Look for selectors that contain the courses title and school name text you want to extract. Then, use the `select_one` method on the summary object to pull out the html with those selectors. Afterwards, don't forget to do some extra cleaning to isolate the names (get rid of unnecessary html), as you saw in the last video.

In [8]:
# Extract course title
summaries[0].select_one("h3").get_text().strip()

'机器学习云部署 (英)'

In [12]:
# Extract school
summaries[0].select_one("h4").get_text().strip()
# 中文网站结构没有 h4 ，会报错（英文的有）
# 在国内会自动转成中文

AttributeError: 'NoneType' object has no attribute 'get_text'

### Step 5: Collect names and schools of ALL course listings
Reuse your code from the previous step, but now in a loop to extract the name and school from every course summary in `summaries`!

In [15]:
courses = []
for summary in summaries:
    # append name and school of each summary to courses list
    title = summary.select_one("h3").get_text().strip()
    # school = summary.select_one("h4").get_text().strip()
    # courses.append((title, school))
    courses.append((title))

In [16]:
# display results
print(len(courses), "course summaries found.
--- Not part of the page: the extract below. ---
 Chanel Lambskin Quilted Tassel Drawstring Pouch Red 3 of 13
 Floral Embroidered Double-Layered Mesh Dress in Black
Sample:")
courses[:20]

189 course summaries found. Sample:


['机器学习云部署 (英)',
 'Java 开发工程师 (英)',
 'AI 产品经理 (英)',
 '数据挖掘 求职直通班',
 '市场营销分析 (英)',
 '传感器融合 (英)',
 '数据洞察与说服技巧 (英)',
 '云计算软件开发 (英)',
 '云计算 DevOps (英)',
 'AI 求职直通班',
 'C++ 程序设计 (英)',
 '数据结构与算法 (英)',
 'Python 编程入门',
 '28 天入门 Python',
 '高频算法面试题精讲',
 'Python 人工智能入门',
 '数据分析（入门）',
 '数据工程师 (英)',
 '商业数据分析',
 'AI 量化投资 (英)']